Israël et l’Occident ont-ils perdu leur boussole morale?

Israël et l’Occident ont-ils perdu leur boussole morale?
  • Désormais, c'est Israël qui semble avoir endossé le rôle sinistre de bourreau en chef sur la scène internationale, et l'État hébreu ne s'est pas fait prier pour assumer cette fonction avec un zèle particulier
  • Israël et l'Occident s’arc-boutent sur un prétendu argument moral, si tant est qu'on puisse le qualifier ainsi. Ils se drapent dans la vertu, se présentant comme les champions du bien luttant contre les forces du mal

La disparition d’Hassan Nasrallah à Beyrouth il y a quelques jours a déjà fait couler beaucoup d’encre, et je ne souhaite pas prolonger votre lassitude en ajoutant mon grain de sel à ce flot incessant de commentaires. Après tout, il est fort probable que vous ayez déjà forgé votre propre opinion sur le leader du Hezbollah. Était-il un vaillant combattant de la résistance, ayant réussi à tenir en échec la redoutable machine militaire israélienne en 2006? Ou n’était-il qu’un simple pantin aux mains de l’Iran, responsable de la mort de centaines d’innocents? Peut-être était-il les deux à la fois, aussi paradoxal que cela puisse paraître.

Laissons cela de côté. Ce qui me taraude véritablement, c’est la question éthique — ou plutôt son absence — qui entoure les décisions de ceux qui commanditent ces actes que l'on ne peut décemment qualifier autrement que d'assassinats extrajudiciaires.

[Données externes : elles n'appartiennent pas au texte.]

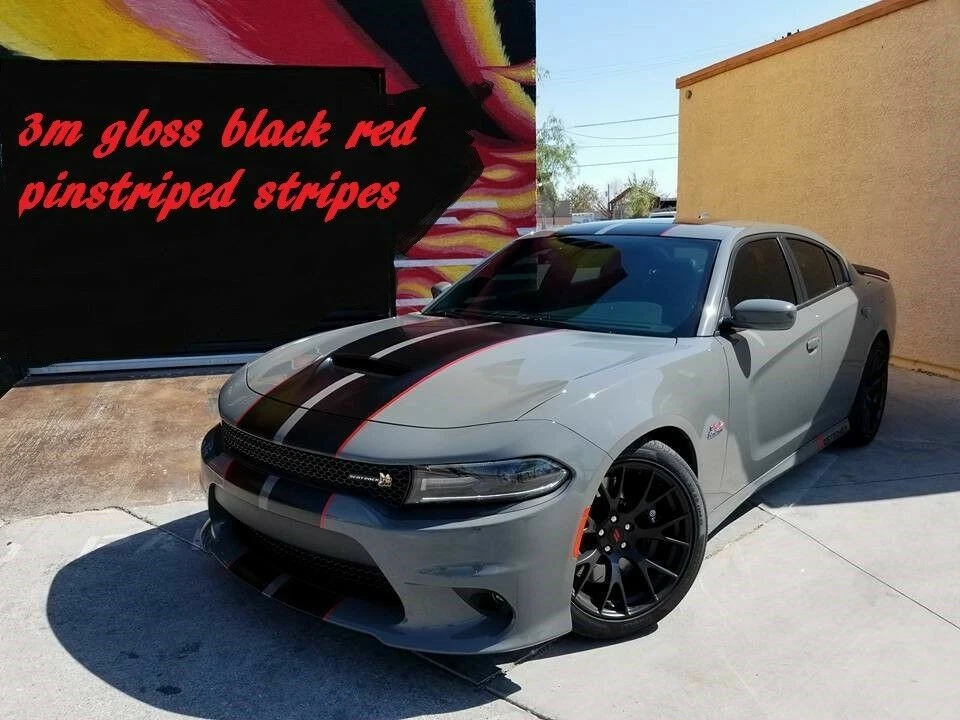 Calcomanía gráfica PARA 11-14 Dodge Charger 10" Racing Stripe 36 PIES + Rayas rojas Foto 2 de 3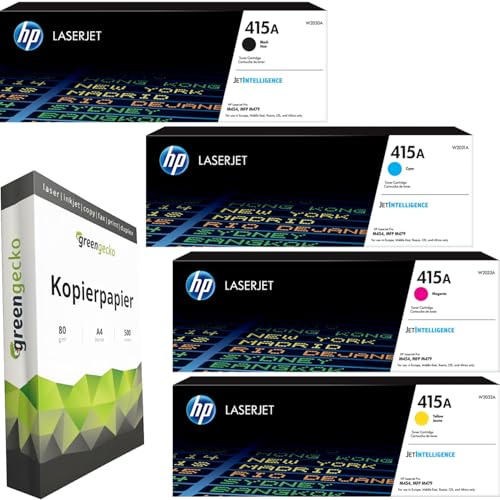 green gecko Original Toner Set - 415A Multipack (CMYK) - kompatibel mit HP Color LaserJet Pro MFP M 454 478 479 mit 500 Blatt A4 Kopierpapier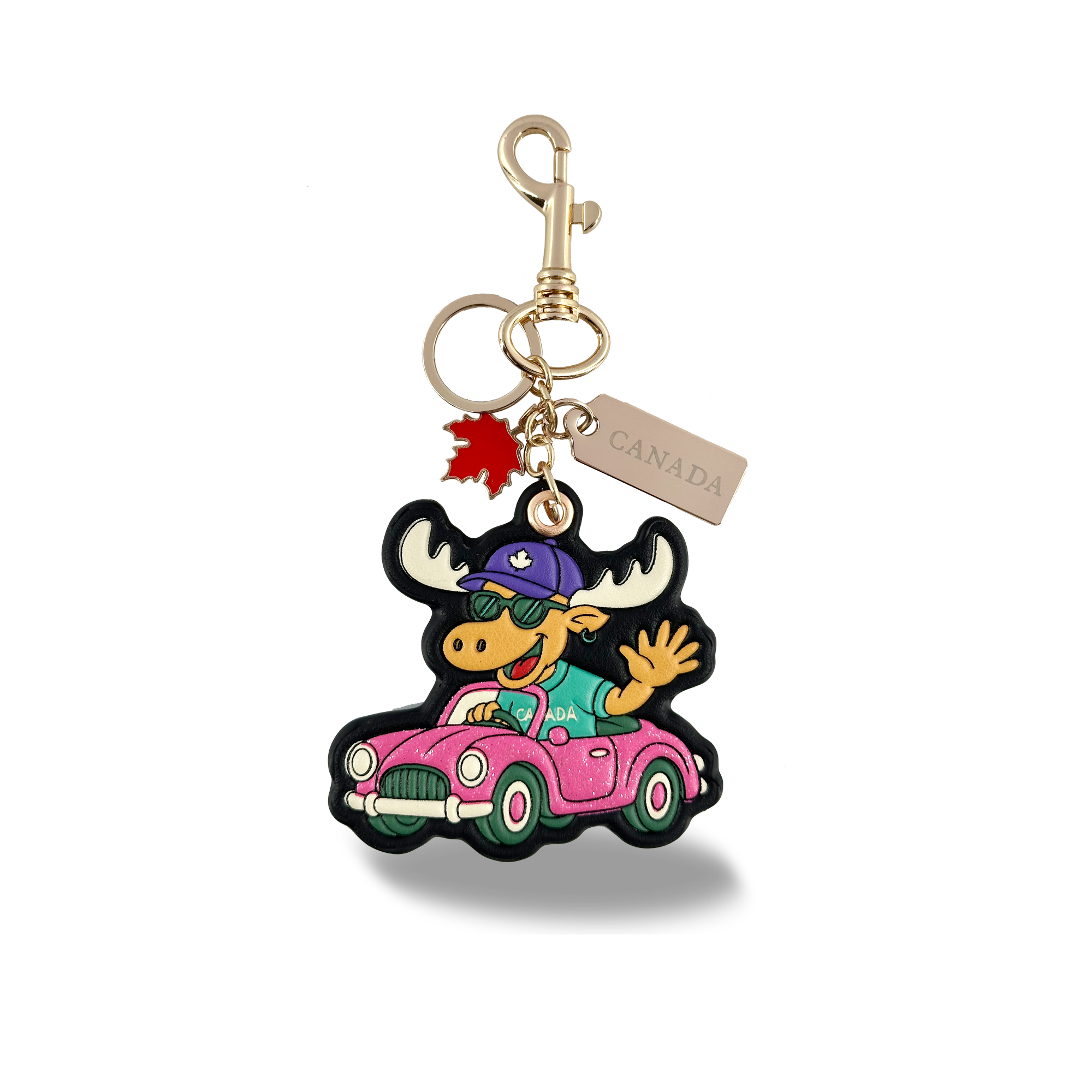 Canada Moose 3D PU Bag Charm Keychain with Fun Road Trip Canada Design
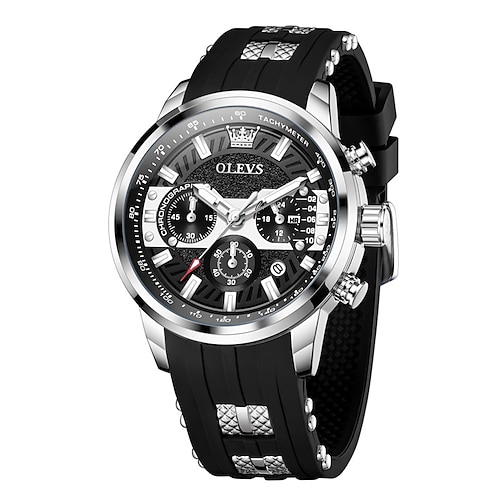 Die neue Herren-Business-Uhr der Marke Olevs verfügt über einen leuchtenden Kalender, ein kleines Dreizeiger-Zifferblatt und eine trendige, sportliche und modische Herren-Quarzuhr Image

L’exemple le plus frappant qui nous vient à l'esprit est sans doute l'élimination d'Oussama ben Laden, le chef tristement célèbre d'Al-Qaïda. Le 2 mai 2011, les forces d'élite américaines l'ont traqué jusque dans son repaire au nord du Pakistan, l'abattant sans sommation avant d'immerger sa dépouille en mer, dans un secret quasi-total. 

Cette opération, menée loin des regards des médias, n'a laissé qu'une seule image à la postérité : celle capturée dans la salle de situation de la Maison Blanche. On y voit Barack Obama, Joe Biden, Hillary Clinton et tout un aréopage de hauts responsables, les yeux rivés sur un écran hors champ, absorbés par le spectacle de l'exécution comme s'il s'agissait de l'avant-première d'une superproduction hollywoodienne. 

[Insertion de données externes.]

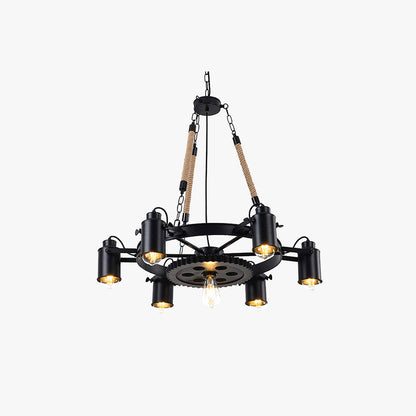 Epoch Industrial LED Pendant Light Black Metal/Rope Cafe/Bar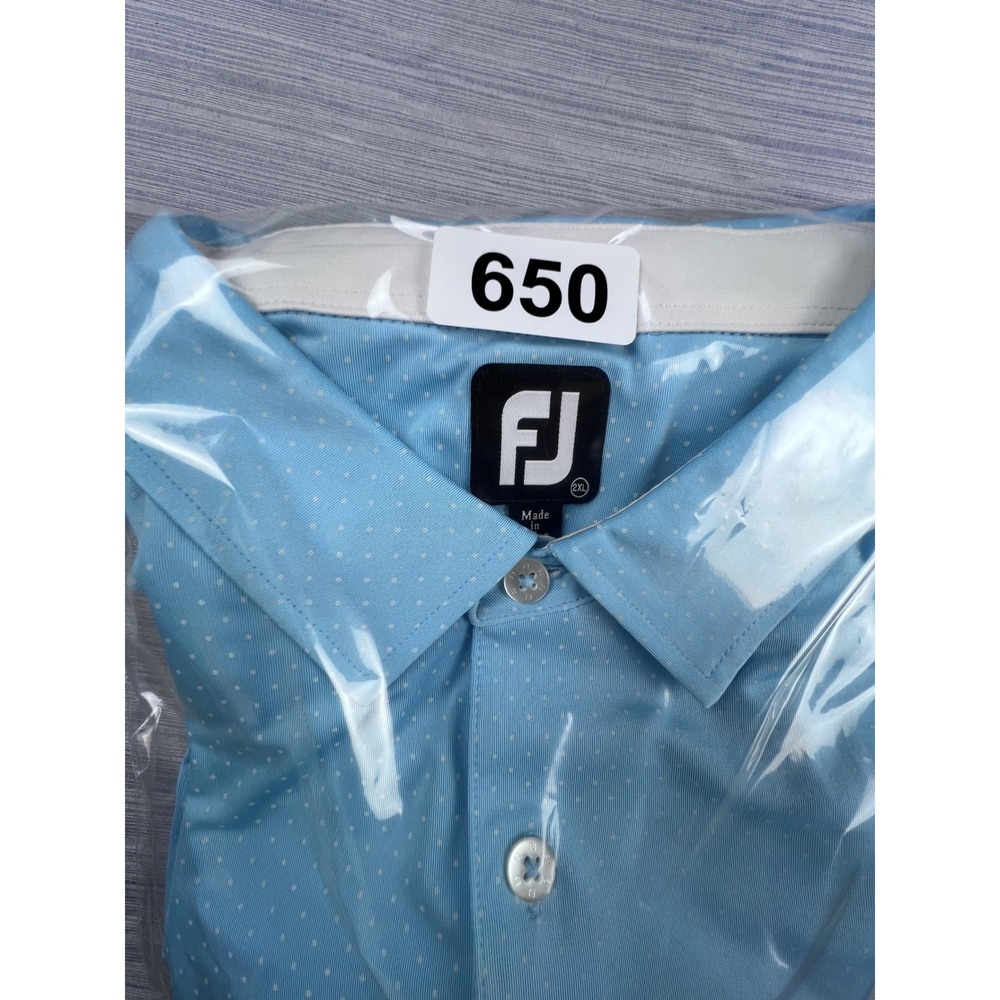 FootJoy Mens 2XL Light Blue White Micro Polka Dot Performance Golf Polo Shirt - Picture 6 of 6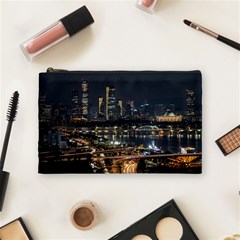 Seoul Building City Night View Cosmetic Bag (medium) by Wegoenart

Un examen attentif de cette photo révèle même la présence d'Antony Blinken, alors futur Secrétaire d'État, qui tente de glaner un aperçu de l'action par-dessus l'épaule de ses supérieurs. 

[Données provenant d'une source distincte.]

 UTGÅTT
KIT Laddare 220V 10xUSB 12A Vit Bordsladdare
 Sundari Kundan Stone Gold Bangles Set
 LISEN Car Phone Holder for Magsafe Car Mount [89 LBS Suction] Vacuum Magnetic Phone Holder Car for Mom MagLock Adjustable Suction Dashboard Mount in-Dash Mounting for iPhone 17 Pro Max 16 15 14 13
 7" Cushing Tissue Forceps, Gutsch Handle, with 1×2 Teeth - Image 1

Cette scène ne peut que nous rappeler les paroles de Lady Macbeth: "Tous les parfums d'Arabie ne sauraient purifier cette petite main souillée de sang". 

Un épisode plus récent nous rappelle la persistance de ces pratiques contestables. En janvier 2020, les États-Unis ont orchestré une frappe de drone sur l'aéroport de Bagdad, ciblant le général Qassem Soleimani, haut gradé à la tête de la Force Qods, branche extérieure des Gardiens de la révolution islamique. Mais l'opération ne s'est pas limitée à éliminer sa cible principale. Elle a également fauché — et j'emploie le terme "incidemment" avec une ironie délibérée — neuf autres vies. Parmi ces victimes collatérales figurait Abu Mahdi Al-Muhandis, un leader influent de la milice irakienne. 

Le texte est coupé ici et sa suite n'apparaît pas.